Ces photos nous montrent des femmes dorées et nacrées, vêtues de splendeurs qui portent la griffe de Thierry Mugler mais aussi d'Yves Saint-Laurent ou de Balenciaga - car il n'y a rien de moins narcissique que ce salon idéal de l'an 2000, qui est pur hommage à une beauté intemporelle. Ceux qui y chercheraient des délires futuristes en seraient pour leurs frais : c'est le règne d'un classicisme intemporel, d'une aisance hypercivilisée qui est un sommet d'élégance. Et l'on se surprend à penser, contre toute probabilité, que ces créatures de si haute tenue ont l'air de se sentir merveilleusement bien sous leurs apparences de reines statufiées. Et cette illusion, si c'en est une, porte leur élégance à son comble.
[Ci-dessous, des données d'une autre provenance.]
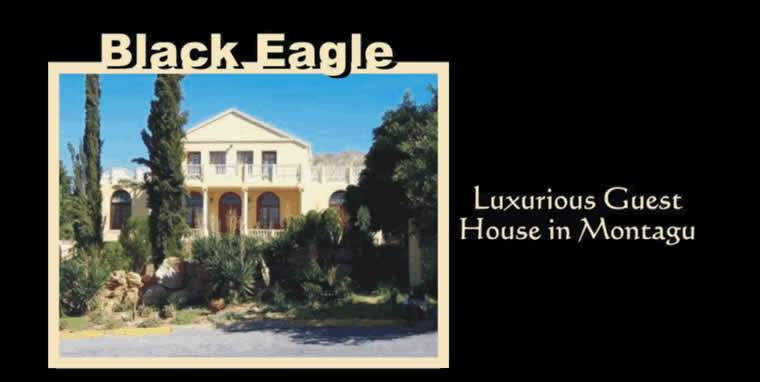 Black Eagle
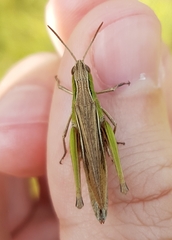 Chorthippus albomarginatus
Comme toutes les grandes oeuvres, la ligne thierry Mugler est nées d'une tension fondamenale : paradoxe vivant que cet homme, dont la nature est la frivolité et la fantaisie même et dont la contrainte intérieure est une rigueur absolue qui est la condition de son expression. On comprend mieux, quand on apprend que ce fou génial est un ancien danseur classique : est-il école plus impitoyable ? Il en résulte un classicisme fabuleusement inventif, dont l'extravagance épurée n'a peur di de l'érotisme ni de l'humour. Ce paradoxe porte un nom : cela s'appelle la classe.
C'est que chez Thierry Mugler le vêtement est la partie émergée de l'iceberg : il n'est que le détail d'une vision globale, d'une esthétique. Cette dernière, Thierry Mugler la révèle autant par ses modèles que par ses photos - il est le premier et pour ainsi dire le seul styliste à photographier lui-même ses créations - mais aussi par une philosophie du comportement : "La plus grande élégance, me dit-il, c'est la vérité. Mon salon de mode de l'an 2000, c'est aussi cela : un lieu d'accueil et de célébration de la beauté, sans mensonge ni tricherie."
Que l'on me pardonne de terminer par ce détail égocentrique : Thierry Mugler a lu mon dernier roman et il en parle admirablement. Il évoque les passages consacrés à la défenestration : "J'adore, me dit-il. Tenez, j'ai pensé à vous." - et il sort de ses trésors deux photos de femmes vêtues avec un chic fou, au bord du vide : "Ne trouvez-vous pas, me dit-il avec légèreté, que ce sont les tenues idéales pour se jeter par la fenêtre ?".
Et il éclate de rire. Il rit beaucoup, d'ailleurs. C'est aussi cela, Thierry Mugler : un style sublime qui ne se prend pas au sérieux.